The evidence on trends in morbidity is still largely inconclusive. Most research is based on US data with studies that show compression, expansion, as well as limited change in levels of morbidity. The most recent large study, released last month, found evidence of a significant compression in morbidity among older Americans.
A 2009 study by Carol Jagger at the University of Newcastle in the UK looking at EU countries found considerable international variation in trends, with nine countries where disability-free life expectancy increased and four countries where it decreased.
Closer to home, the picture is also mixed, not least because the necessary longitudinal data is scarce. A recent report by the National Sustainability Council notes that baby boomers aged 53 to 62 in 2007-08 had greater rates of obesity, diabetes, hearing loss, arthritis, and high cholesterol than the same age group in 1989-90. Part of the reason for apparently worse health is because a greater proportion of the younger cohort survived, albeit with greater health issues on average.

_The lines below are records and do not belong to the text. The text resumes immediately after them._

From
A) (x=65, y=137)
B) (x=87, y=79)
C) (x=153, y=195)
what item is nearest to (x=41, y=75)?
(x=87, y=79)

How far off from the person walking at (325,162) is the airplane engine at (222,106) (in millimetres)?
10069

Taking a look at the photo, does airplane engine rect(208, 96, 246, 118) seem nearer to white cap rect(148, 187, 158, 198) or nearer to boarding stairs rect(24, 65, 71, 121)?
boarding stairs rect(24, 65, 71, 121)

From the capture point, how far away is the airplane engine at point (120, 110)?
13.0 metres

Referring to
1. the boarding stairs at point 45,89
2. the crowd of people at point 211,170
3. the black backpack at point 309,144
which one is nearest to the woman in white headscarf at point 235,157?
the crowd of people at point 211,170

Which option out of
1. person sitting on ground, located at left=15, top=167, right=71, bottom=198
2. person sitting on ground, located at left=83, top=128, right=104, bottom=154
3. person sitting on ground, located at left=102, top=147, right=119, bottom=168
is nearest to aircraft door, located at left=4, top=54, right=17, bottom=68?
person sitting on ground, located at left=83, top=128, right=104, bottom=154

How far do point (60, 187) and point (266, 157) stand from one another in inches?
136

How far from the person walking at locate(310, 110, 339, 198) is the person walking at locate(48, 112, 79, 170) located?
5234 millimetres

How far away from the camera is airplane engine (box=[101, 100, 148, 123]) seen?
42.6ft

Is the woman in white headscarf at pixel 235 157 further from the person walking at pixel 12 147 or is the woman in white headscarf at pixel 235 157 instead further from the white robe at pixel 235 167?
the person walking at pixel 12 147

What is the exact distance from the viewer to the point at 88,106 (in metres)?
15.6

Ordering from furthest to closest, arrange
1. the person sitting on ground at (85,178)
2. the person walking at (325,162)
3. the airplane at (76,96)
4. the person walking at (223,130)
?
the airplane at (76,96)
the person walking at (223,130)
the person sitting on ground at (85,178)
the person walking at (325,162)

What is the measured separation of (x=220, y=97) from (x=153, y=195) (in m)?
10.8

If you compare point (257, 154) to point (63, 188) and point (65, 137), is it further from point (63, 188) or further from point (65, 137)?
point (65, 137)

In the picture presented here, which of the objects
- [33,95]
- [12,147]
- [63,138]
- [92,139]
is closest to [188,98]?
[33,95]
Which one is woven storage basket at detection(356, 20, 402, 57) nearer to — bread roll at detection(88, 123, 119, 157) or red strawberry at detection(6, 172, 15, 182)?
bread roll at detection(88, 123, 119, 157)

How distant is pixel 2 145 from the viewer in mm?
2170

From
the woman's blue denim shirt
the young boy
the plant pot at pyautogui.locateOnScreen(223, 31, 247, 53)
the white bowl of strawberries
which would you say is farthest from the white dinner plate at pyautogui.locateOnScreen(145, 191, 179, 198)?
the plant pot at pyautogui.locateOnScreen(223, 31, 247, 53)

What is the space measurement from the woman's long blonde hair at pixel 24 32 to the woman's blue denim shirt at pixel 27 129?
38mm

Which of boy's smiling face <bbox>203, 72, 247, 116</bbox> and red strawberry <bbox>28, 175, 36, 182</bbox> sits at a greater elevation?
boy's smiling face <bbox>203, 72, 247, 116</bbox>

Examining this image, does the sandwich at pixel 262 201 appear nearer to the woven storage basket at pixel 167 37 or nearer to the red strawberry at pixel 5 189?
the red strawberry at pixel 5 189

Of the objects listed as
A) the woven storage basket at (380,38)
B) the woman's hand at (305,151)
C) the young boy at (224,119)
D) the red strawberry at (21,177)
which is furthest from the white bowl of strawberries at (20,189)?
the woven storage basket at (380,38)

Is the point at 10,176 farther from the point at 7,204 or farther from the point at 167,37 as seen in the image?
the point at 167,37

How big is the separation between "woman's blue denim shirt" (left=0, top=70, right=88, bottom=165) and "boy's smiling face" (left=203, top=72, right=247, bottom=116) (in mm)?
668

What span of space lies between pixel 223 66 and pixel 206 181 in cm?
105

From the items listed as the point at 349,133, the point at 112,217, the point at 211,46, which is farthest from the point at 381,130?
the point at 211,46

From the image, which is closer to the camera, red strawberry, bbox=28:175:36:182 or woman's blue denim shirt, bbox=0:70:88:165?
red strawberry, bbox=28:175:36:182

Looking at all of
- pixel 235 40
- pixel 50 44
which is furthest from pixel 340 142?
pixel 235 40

Risk factors such as obesity and chronic conditions such as diabetes that we’re observing earlier in life (due to screening, for example) do suggest greater health complications in future. But disability and functional limitation from these conditions may still be delayed by enabling technology or cures.
The Australian Institute of Health and Ageing (AIHW) reports that between 1998 and 2009 increases in life expectancy at age 65 included more years at the end of life with a disability and with severe functional limitations. But on the positive side, these were on top of increases in disability-free life expectancy at age 65 – from 7.1 to 8.2 years for males and 8.7 to 9.7 years for females.

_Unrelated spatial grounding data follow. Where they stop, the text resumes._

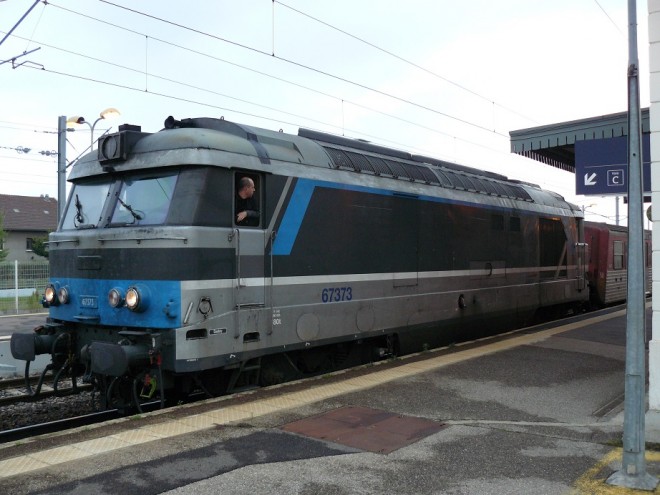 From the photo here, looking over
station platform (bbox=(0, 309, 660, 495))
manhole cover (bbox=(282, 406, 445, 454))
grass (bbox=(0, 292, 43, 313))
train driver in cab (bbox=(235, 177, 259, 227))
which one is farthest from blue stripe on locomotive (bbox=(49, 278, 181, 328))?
grass (bbox=(0, 292, 43, 313))

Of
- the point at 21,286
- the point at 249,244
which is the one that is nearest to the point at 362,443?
the point at 249,244

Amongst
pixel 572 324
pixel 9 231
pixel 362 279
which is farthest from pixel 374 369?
pixel 9 231

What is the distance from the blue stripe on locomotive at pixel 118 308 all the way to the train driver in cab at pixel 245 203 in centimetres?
116

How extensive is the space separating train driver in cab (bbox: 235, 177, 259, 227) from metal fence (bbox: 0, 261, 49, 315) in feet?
61.7

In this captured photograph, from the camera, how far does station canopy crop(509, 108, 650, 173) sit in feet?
29.8

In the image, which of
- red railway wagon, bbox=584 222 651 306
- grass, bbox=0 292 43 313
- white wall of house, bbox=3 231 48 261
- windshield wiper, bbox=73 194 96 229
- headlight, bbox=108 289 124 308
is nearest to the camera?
headlight, bbox=108 289 124 308

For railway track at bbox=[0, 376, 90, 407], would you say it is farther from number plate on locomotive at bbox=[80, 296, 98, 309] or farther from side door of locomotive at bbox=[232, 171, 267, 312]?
side door of locomotive at bbox=[232, 171, 267, 312]

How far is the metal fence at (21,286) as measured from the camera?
23.0m

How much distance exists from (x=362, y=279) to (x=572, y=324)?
285 inches

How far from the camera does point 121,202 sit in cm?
716

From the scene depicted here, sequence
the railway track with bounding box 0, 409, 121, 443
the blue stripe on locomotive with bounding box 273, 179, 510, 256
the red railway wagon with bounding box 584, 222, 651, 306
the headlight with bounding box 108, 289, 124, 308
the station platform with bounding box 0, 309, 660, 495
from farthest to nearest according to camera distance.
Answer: the red railway wagon with bounding box 584, 222, 651, 306, the blue stripe on locomotive with bounding box 273, 179, 510, 256, the railway track with bounding box 0, 409, 121, 443, the headlight with bounding box 108, 289, 124, 308, the station platform with bounding box 0, 309, 660, 495

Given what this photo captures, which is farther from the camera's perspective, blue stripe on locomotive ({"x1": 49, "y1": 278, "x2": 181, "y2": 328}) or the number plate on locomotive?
the number plate on locomotive

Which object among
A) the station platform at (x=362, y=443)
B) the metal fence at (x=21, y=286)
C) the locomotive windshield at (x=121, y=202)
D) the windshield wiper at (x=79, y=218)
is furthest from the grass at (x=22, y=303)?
the station platform at (x=362, y=443)

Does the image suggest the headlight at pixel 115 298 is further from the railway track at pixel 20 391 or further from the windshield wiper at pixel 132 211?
the railway track at pixel 20 391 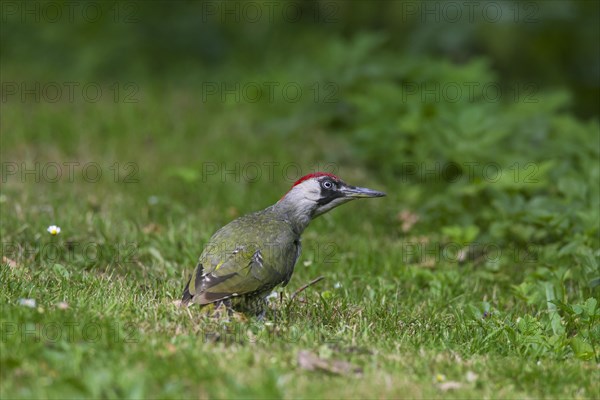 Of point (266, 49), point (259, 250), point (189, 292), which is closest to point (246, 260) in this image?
point (259, 250)

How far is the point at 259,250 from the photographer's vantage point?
198 inches

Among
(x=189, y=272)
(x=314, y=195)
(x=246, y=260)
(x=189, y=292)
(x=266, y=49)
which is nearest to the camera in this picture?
(x=189, y=292)

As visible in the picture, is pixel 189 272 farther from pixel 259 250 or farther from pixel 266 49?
pixel 266 49

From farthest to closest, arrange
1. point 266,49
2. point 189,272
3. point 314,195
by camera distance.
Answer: point 266,49, point 189,272, point 314,195

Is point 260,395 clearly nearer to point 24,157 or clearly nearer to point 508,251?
point 508,251

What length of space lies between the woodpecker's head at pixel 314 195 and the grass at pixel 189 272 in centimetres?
55

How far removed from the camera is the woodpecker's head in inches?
218

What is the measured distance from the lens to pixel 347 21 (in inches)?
490

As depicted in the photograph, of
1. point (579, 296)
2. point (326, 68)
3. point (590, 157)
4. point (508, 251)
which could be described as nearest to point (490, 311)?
point (579, 296)

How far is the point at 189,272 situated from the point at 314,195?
1.08 meters

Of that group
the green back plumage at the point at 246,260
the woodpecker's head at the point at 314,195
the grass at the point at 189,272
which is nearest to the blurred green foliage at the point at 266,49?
the grass at the point at 189,272

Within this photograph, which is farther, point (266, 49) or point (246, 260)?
point (266, 49)

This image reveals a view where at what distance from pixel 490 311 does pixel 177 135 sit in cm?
510

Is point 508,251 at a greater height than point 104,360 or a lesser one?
lesser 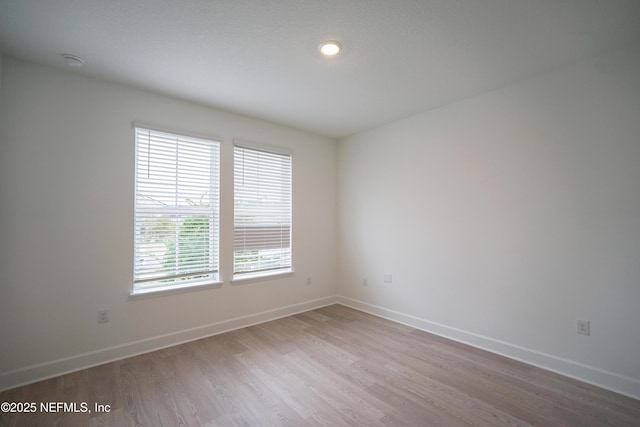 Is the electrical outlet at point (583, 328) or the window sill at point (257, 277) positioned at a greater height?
the window sill at point (257, 277)

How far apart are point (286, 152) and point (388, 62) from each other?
2.01m

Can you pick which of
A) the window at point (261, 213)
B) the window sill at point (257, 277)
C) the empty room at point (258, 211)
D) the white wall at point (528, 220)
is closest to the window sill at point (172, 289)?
the empty room at point (258, 211)

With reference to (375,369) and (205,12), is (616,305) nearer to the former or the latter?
(375,369)

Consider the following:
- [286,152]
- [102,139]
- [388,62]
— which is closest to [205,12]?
[388,62]

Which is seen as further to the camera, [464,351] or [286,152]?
[286,152]

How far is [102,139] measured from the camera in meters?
2.74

As new data comes on stream, the next step for researchers will be to project the rates of healthy life expectancy into the future. Some are doing this already by extrapolating trends and calculating the probabilities of moving into ill health.
A massive global effort to understand the health challenges across countries reveals that in Australia and elsewhere, musculoskeletal problems, particularly lower back pain, are the top causes of “years lost to disability” among older people. It is an area to which more research funding should be dedicated.
What does this mean for an ageing workforce?
Health barriers to employment can be overcome if such conditions and capabilities can be accommodated to allow people to work.
Government responses include providing services that help individuals and employers by way of advice and through subsidies for workplace modifications. Changes to incentives around benefits mean that individuals on Disability Support Pension (DSP) can now work up to 30 hours per week without losing benefits. And the National Disability Recruitment Coordinator works with businesses with 100 or more employees to help them employ and retain people with a disability.
Perhaps we can also appeal to employers' self interest. After all, older workers have enormous value. They have mature judgement, reliability and loyalty, corporate memory, and lower levels of occupational health and safety incidents. Business can also benefit from workers that resemble their client demographic.
More could be done to incentivise employer involvement in health, to prevent illness and cope with disability. Australia has one of the lowest proportions of people with disabilities in the workforce in the OECD. Lower levels of labour force participation among people with disabilities have been stagnant for some time.
Some industries are absorbing older workers at higher rates than others. Currently, the industry with highest proportion of older workers is agriculture, forestry, and fishing – 30% of its employees were aged 55 or over in 2012. Since 1995, the education and health-care industries have seen the greatest gains.
It remains to be seen what the health and disability profiles of older workers will be and which employers will be able to adjust and reap the benefits of population ageing.
Rafal Chomik is a Senior Research Fellow at the ARC Centre of Excellence in Population Ageing Research, UNSW.